SRE Toolbox: Investigations
Tagged: sre work
Imagine you're on call and you get paged. Some service is broken and it doesn't look like it's a quick fix. Over the next hour or two, you check each part of the system until you find the problem and carefully deploy a patch. Next morning, as you're sharing the story with your team, one of them interrupts you: "Oh, I had the same thing happen last month."
If only you knew about it, you could have paged them for help. Better yet, if you knew how they fixed it, you could have fixed it yourself. That would have saved the users some frustration, the company a couple of bad reviews, and you a few hours of sleep. If only you knew.
There's a practice that your team can use to avoid these situations. It will not only reduce your mean-time-to-recovery and help coordinate everyone in the case of a larger outage, but also help with sprint planning and team onboarding. The way it works is that each team member writes and shares notes about anything they investigate.
Three real life examples
Once, after joining a new team, I was added to its on call rotation. Being unfamiliar with the code, tools, and people, I felt nervous. Of course, my first night, I get paged. The issue wasn't obvious, but the service was running out of resources. Before paging my backup, I searched through the team's notes for the alert name. Lucky me, the first note matching my query described a similar problem in the same component. Re-using the troubleshooting steps from the note, I found what was wrong and fixed it.
Another time, when I had settled into the team, I was paged. The problem felt familiar, so I queried our notes and found an exact match. It turned out to have been written by me some months earlier. I mitigated the issue quickly, then looked over more notes to see if others had seen this issue as well. A couple of notes came up, which meant that my team had been fixing the same problem over and over again–wasting time. That was enough reason to invest a few hours to fix the root cause and free up time for people on on call duty.

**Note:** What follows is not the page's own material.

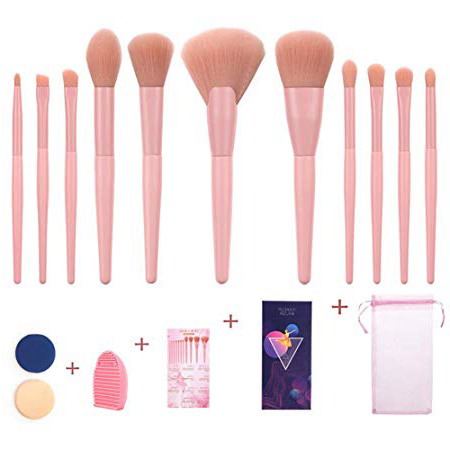 Beashine Pennello per Il Trucco, 11pcs Pennello di Bellezza,Pennelli Trucco avanzati Adatto per fondotinta Liquido per fondotinta Liquido per ombretti Fard (Rosa - Combinazione 4#)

Then there was one time when I was investigating an odd-looking availability chart. A few hours in, I hit a wall. What notes I had so far described why I thought it may be a problem and included some other charts. I decided to share them with my team, hoping someone could see something I couldn't. It turned out that one of my colleagues was an expert in the component I was investigating. My notes allowed him to skip some leg work and we soon were making progress again.
Making it work
The idea is simple. Team members write notes about anything they investigate, the notes must be easy to search, and the practice must be as lightweight as possible.
Each note should: - describe a problem and a solution if one is found. - contain information like error messages, log snippets, source code, commands and their output, links to or screenshots of charts, etc. - be written as soon as possible–put down a sentence or two, just when you start to investigate, then add more as you discover new facts. - be concise and loosely structured.
Here's an example note:
Database replication latency spike at 2am. Backlog chart <link>, latency lag chart <link>.
I sshed to 192.168.1.10. It appears the replica is experiencing timeouts: (<path to log file>): <relevant log lines>. Running "systemctl status replicator" shows frequent restarts (<command output>). Running dmesg doesn't show any OOMs."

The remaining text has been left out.